25, 50, and 75 Years Ago

 

September 27, 1991

LONDON — Police riots and hundreds of arrests have met rebellions of youth in towns across Britain over the last four weeks.

From Cardiff in the South West to Handsworth, Birmingham, and Oxford in the Midlands, to North Shields and Newcastle in the North East, 5,000 people have taken to the streets in battles against police riot squads and militarized cops — the Special Patrol Group.

Parliamentary leaders of both Conservative and Labour parties have condemned the youth and praised the police actions.

The sources of the rebellions are the deteriorating social conditions and accompanying cop brutality.
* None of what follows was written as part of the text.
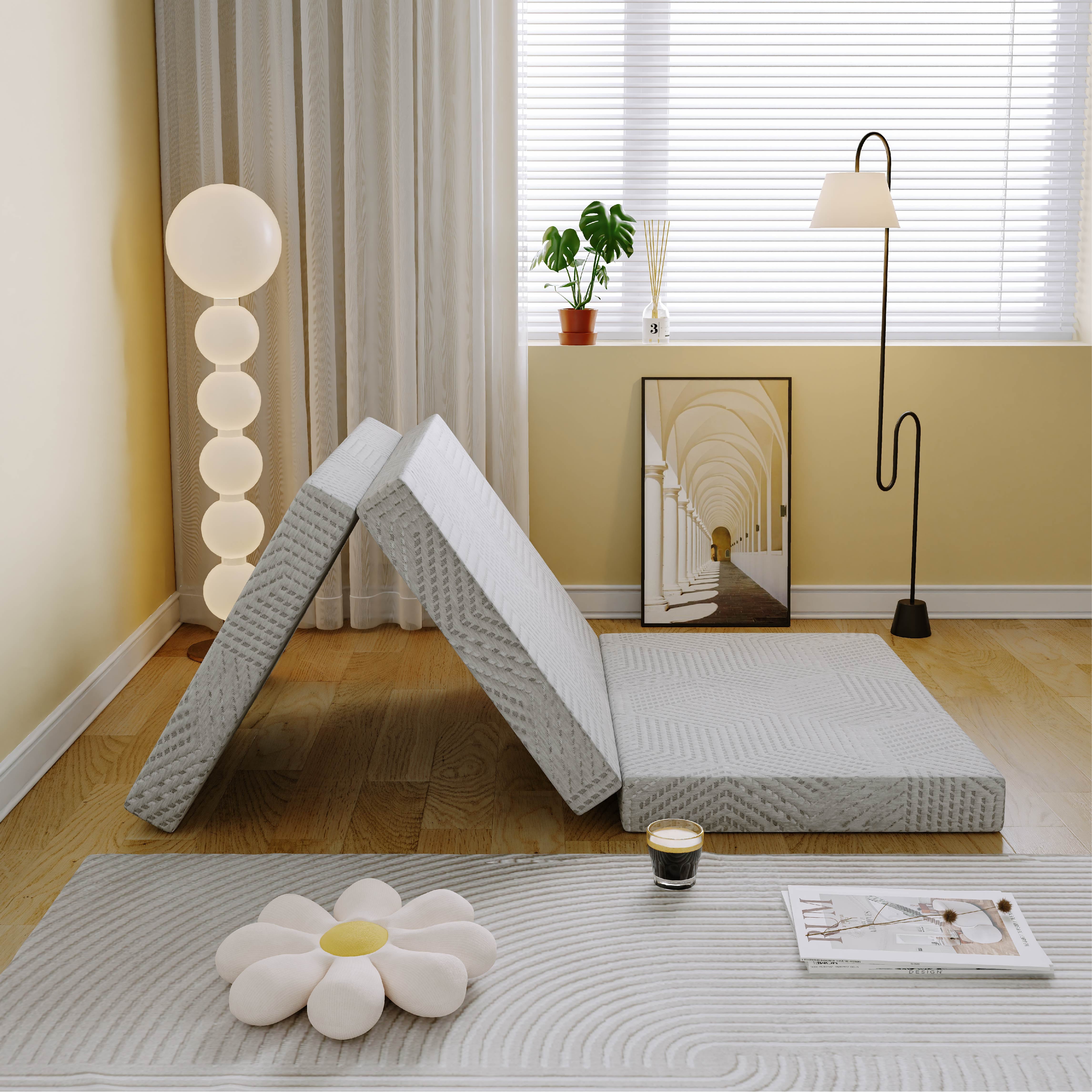 Ego 4 inch Tri Folding Memory Foam Mattress. Portable Guest Bed. Queen Size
While young people face the prospect of long periods without work, they are the victims of constant police harassment.

September 26, 1966

The Peruvian military authorities, acting as both prosecution and judge, sentenced Hugo Blanco, the Trotskyist peasant leader, to 25 years in El Frontón, the grim prison in the harbor of Lima. His comrade and co-defendant Pedro Candala was given 22 years, likewise in El Frontón.
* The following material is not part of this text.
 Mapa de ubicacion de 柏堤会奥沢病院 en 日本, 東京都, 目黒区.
Up to the final moment on Sept. 8, it was feared that the military might carry out the plan they had reportedly envisaged — giving Hugo Blanco the death sentence. Evidently they reconsidered in view of the reaction that was visible even in the small town of Tacna where people lined up for admission into the large hall where the court was held and where the audience clearly favored the prisoners, at times expressing such sympathy that the judge had to clear the court.

September 27, 1941

The Seafarers International Union, AFL, has struck 23 American-flag ships with which it has contracts on foreign runs. Twenty of the vessels are now tied up in major Atlantic and Gulf ports and are surrounded by strong picket lines. The number of struck ships is mounting daily as the SIU continues to call off the crews of every contracted foreign run boat as it hits an American port. Strike action was taken to enforce its demands for war bonus payments.

The success of the union in completely tying up the struck ships for two weeks would have led to the capitulation of the bosses in most strikes. This time, however, the United States Maritime Commission has intervened and instructed the shipowners not to negotiate with the union until the strike has been called off.